A pooled-fund study launched this year by the Federal Highway Administration (FHWA) offers State transportation agencies the opportunity to obtain and learn how to use the new Asphalt Mixture Performance Tester (AMPT) to evaluate Superpave mixtures.

The widespread implementation of the Superpave mix design system over the past decade is one of the great success stories of the Strategic Highway Research Program (SHRP), with the majority of State transportation departments now using the Superpave performance grade (PG) binder and volumetric mix design process developed under SHRP. While the Superpave system was designed to also include prediction models and performance tests, these aspects of the system were not complete when SHRP implementation efforts concluded in 2000. Developed through two subsequent National Cooperative Highway Research Program (NCHRP) projects (NCHRP Projects 9-19 and 9-29), the AMPT now offers an improved method of predicting the performance of Superpave mixes, including the likelihood of rutting.

The Asphalt Mixture Performance Tester now offers an improved method of predicting the performance of Superpave mixes, including the likelihood of rutting.

The AMPT is a computer-controlled hydraulic testing machine that submits a compacted asphalt mixture specimen to cyclic loading that mimics traffic loading. The device then measures the deformation of the mixture to assess performance. Among the tests that can be performed are dynamic modulus, flow number, and flow time. “The AMPT can be used to identify inferior mixes and perform quality control, as well as in the structural design of flexible pavements,” says Audrey Copeland of FHWA’s Office of Pavement Technology. The AMPT can replace existing, less accurate test methods and models, offering potential time and cost savings, and can be used in a variety of climates and with different materials, without the need for extensive calibration. Its dynamic modulus test can also help provide the data input needed to use the new Mechanistic-Empirical Pavement Design Guide.

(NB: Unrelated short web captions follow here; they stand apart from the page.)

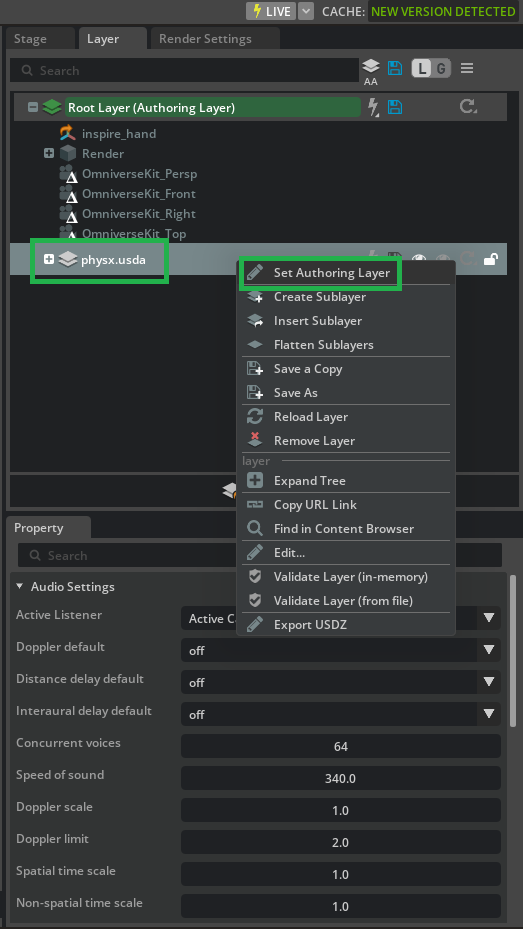 Context menu with Set Authoring Layer highlighted for physx.usda.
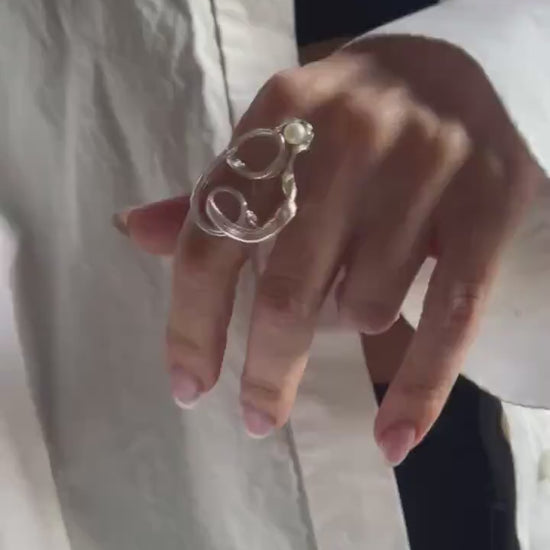 Sculptural Sterling silver and natural fine pearls ring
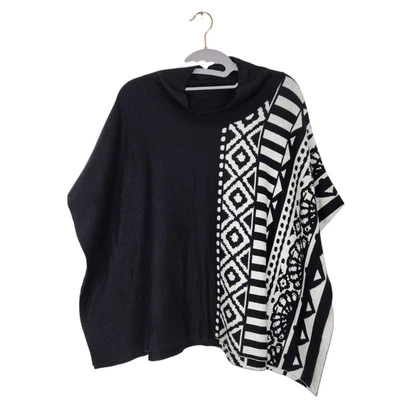 DISEÑO ISLANDÉS Suéter Mujer S/M Negro Poncho Capa Top Nuevo sin Etiquetas Fair Isle Cabin Foto 1 de 4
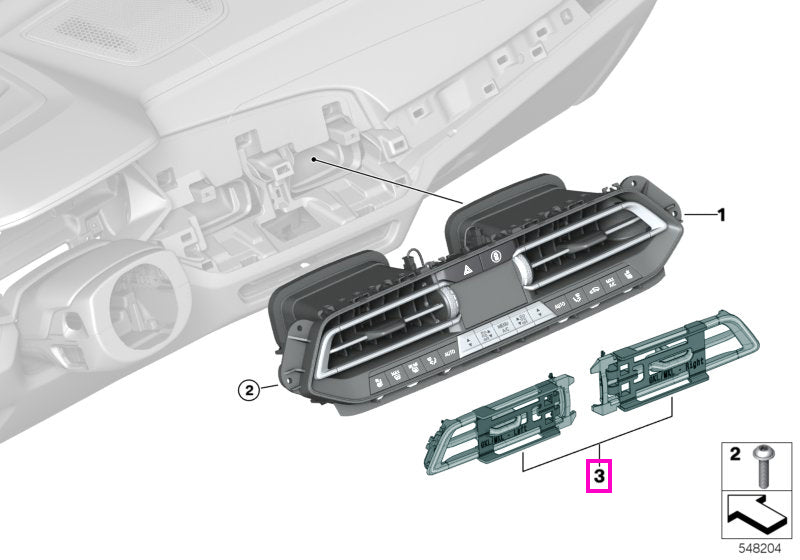 64115B55149 Set grile ventilatie centrale, sistem climatizare - BMW X5 G05 G18 F95 M, X6 G06 F96 M, X7 G07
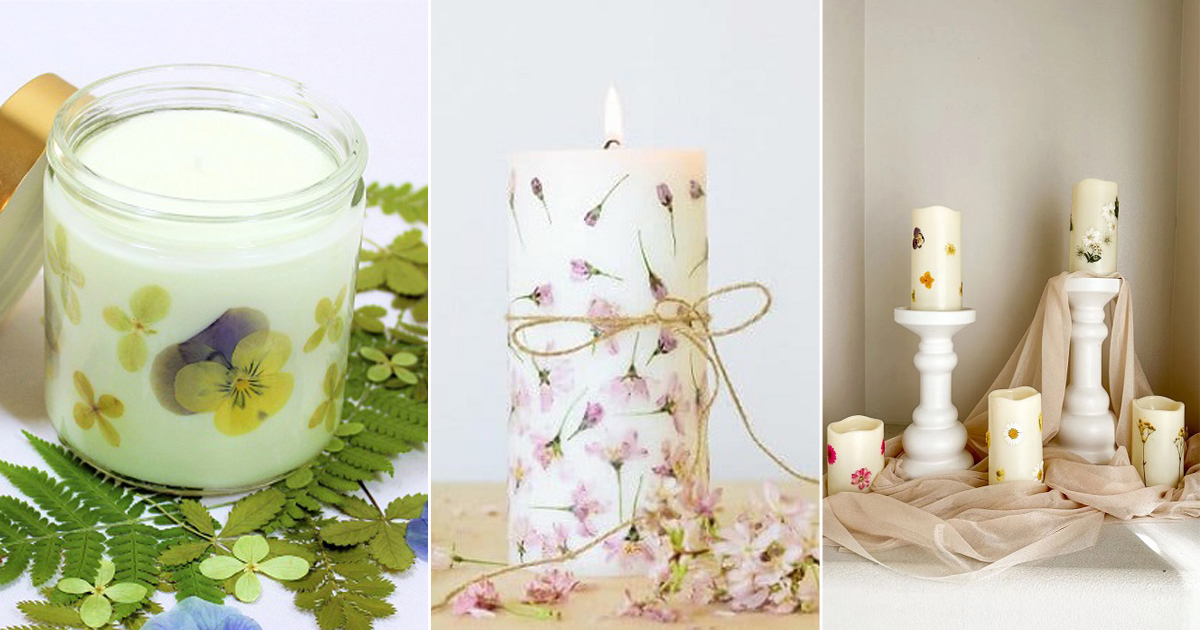 9 Best DIY Pressed Flower Candles ⋆ Bright Stuffs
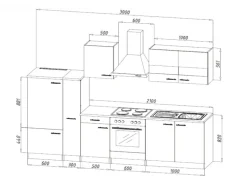 Respekta Küchenzeile KB300ESS 300 cm Schwarz-Eiche Sägerau Nachbildung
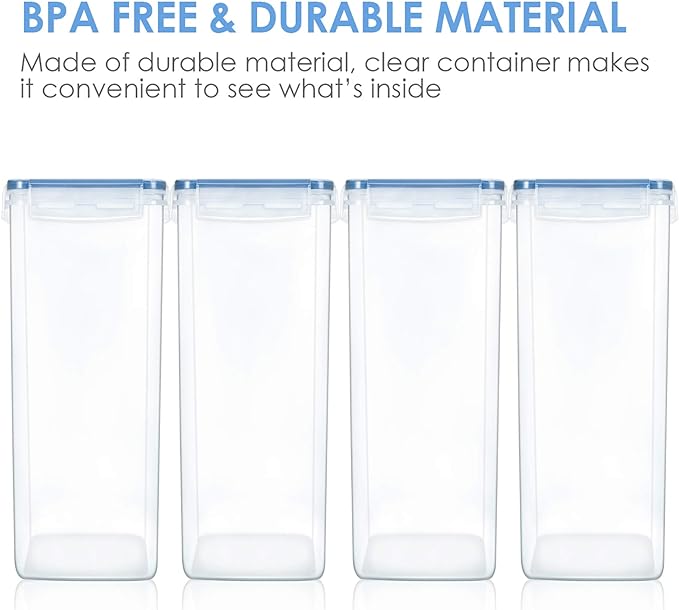 Vtopmart Extra Large Tall Airtight Food Storage Containers 4 Pieces 5.9qt / 6.5L-Plastic PBA Free Kitchen Pantry Canister for Spaghetti, Flour and Baking Supplies - Include 24 Labels, Blue-Ruum Studio Home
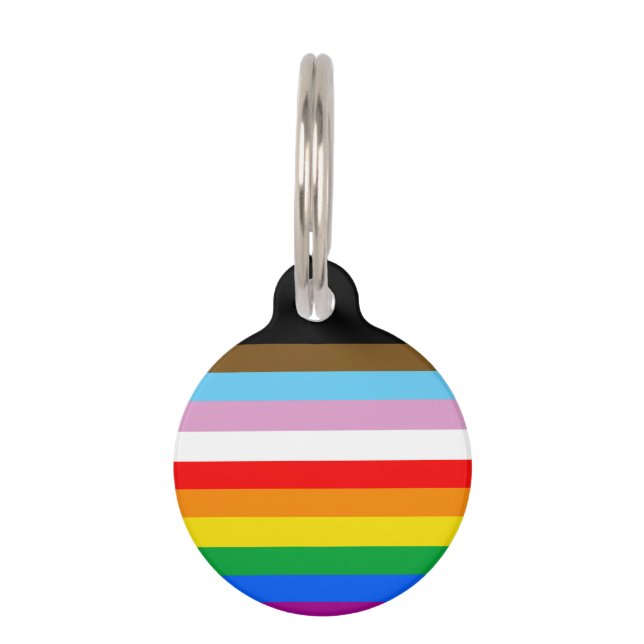 LGBTQ+ INCLUSIVE PRIDE FLAG PET ID TAG (Front)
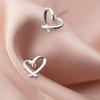 Genuine 925 Silver Heart Stud Earrings for Women Cute Small Earrings for Lover Girls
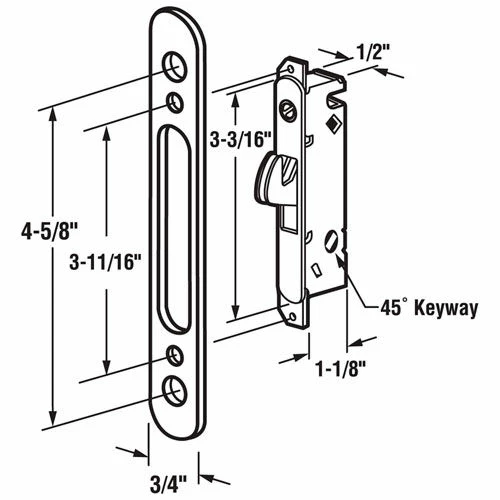 Top 10 🛒 Prime-Line Products Prime-Line® Sliding Door Mortise Lock, w/Adaptor Plate, E 2164 👏 2 Top 10 🛒 Prime-Line Products Prime-Line® Sliding Door Mortise Lock, w/Adaptor Plate, E 2164 👏 - Image 2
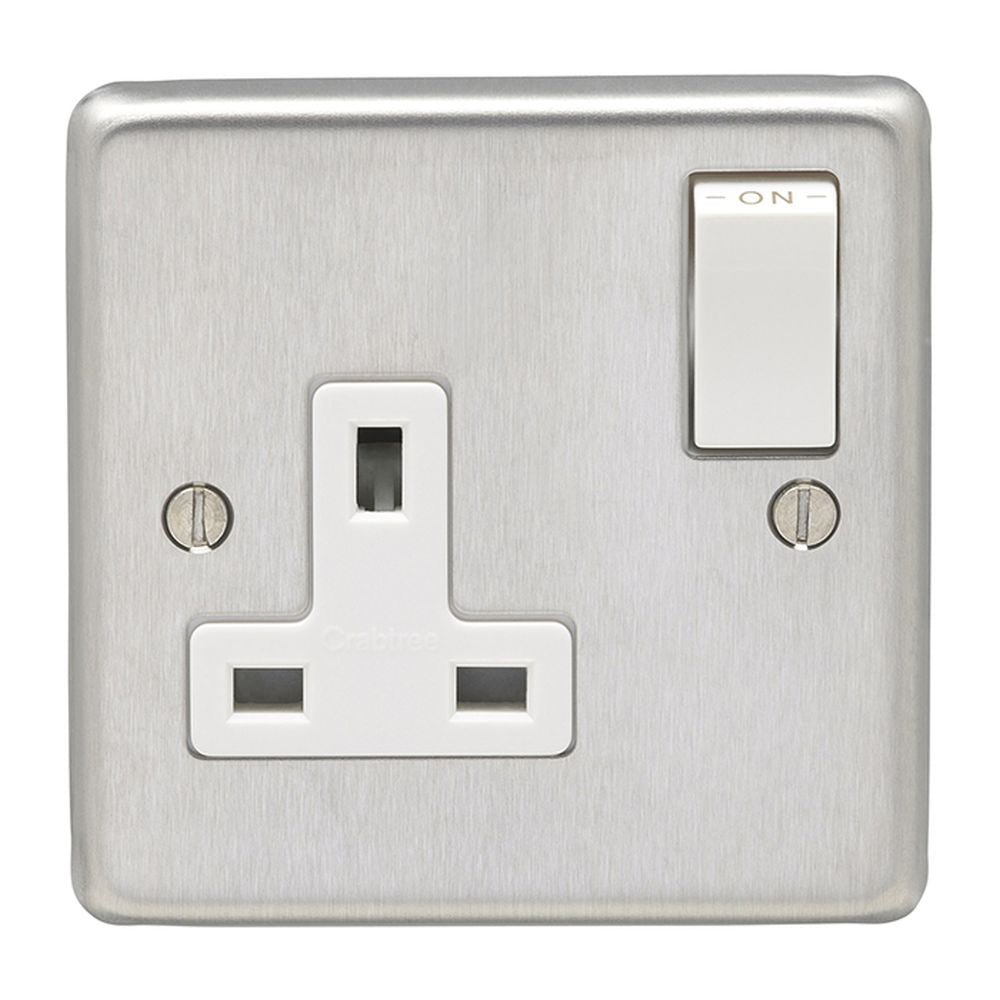 This is an image showing Eurolite Stainless Steel 1 Gang Socket - Satin Stainless Steel (With White Trim) sss1sow available to order from trade door handles, quick delivery and discounted prices.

Figure 1. Photo. A close-up view of the Asphalt Mixture Performance Tester (AMPT). The AMPT can be used to evaluate Superpave mixtures.
The new Asphalt Mixture Performance Tester can be used to evaluate Superpave mixtures.

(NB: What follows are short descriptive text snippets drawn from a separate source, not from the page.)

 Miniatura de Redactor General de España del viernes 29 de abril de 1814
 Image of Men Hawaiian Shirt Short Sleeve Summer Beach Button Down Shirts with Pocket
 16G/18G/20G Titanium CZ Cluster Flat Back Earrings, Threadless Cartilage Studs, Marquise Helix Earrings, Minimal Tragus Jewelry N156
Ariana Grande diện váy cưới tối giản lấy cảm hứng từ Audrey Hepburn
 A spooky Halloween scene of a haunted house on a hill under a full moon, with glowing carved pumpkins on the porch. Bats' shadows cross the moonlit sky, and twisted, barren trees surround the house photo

The 3-year pooled-fund study, “Implementation of the Asphalt Mixture Performance Tester (AMPT) for Superpave Validation,” (Study No. TPF-5(178)) has the following objectives:

  • Purchase and deliver the AMPT for highway agencies.
  • Provide training in using the AMPT to perform proposed American Association of State Highway and Transportation Officials standard practices for measuring dynamic modulus and flow number and developing dynamic modulus master curves.
  • Evaluate the nationwide implementation and use of the AMPT to assess performance over a wide range of climatic conditions, materials, and structures.

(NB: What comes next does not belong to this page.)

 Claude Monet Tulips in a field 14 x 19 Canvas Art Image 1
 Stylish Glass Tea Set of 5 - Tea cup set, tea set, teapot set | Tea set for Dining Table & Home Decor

Three manufacturers currently produce the AMPT, with the average cost of the device ranging from $75,000 to almost $90,000 (including shipping, set up, and initial training). The pooled-fund study will provide the means to purchase the device for participants in bulk at a discounted price. Participating agencies are asked to contribute a minimum of $105,000 to the study ($35,000 a year for 3 years). In addition to the equipment purchase, the study will provide for:

  • Technical support.
  • Development of a National Highway Institute (NHI) course, “National Training Course for the Asphalt Mixture Performance Tester.”
  • Travel and course expenses for two representatives from each participating agency to attend the NHI course.
  • Implementation assistance.

The study may also sponsor additional testing of the AMPT. Agencies that would like to participate in the study without purchasing the equipment can join for a minimum contribution of $30,000 ($10,000 a year for 3 years).

Seventeen State departments of transportation have joined the study to date, with five additional agencies having expressed interest in participating.

Utah, Virginia, Florida, and Minnesota have already purchased the AMPT. The Utah Department of Transportation has five AMPTs and has been exploring the use of the technology for the past 2 years to understand more about how it can best use the equipment, as well as the limitations of the device. The Florida Department of Transportation (FDOT) plans to start using its AMPT after holding training sessions led by FHWA personnel in August 2008. “We believe it will be a useful tool, particularly as we implement the Mechanistic-Empirical Pavement Design Guide,” says Greg Sholar of FDOT. Florida, Utah, and Virginia have all committed to participating in the pooled-fund study.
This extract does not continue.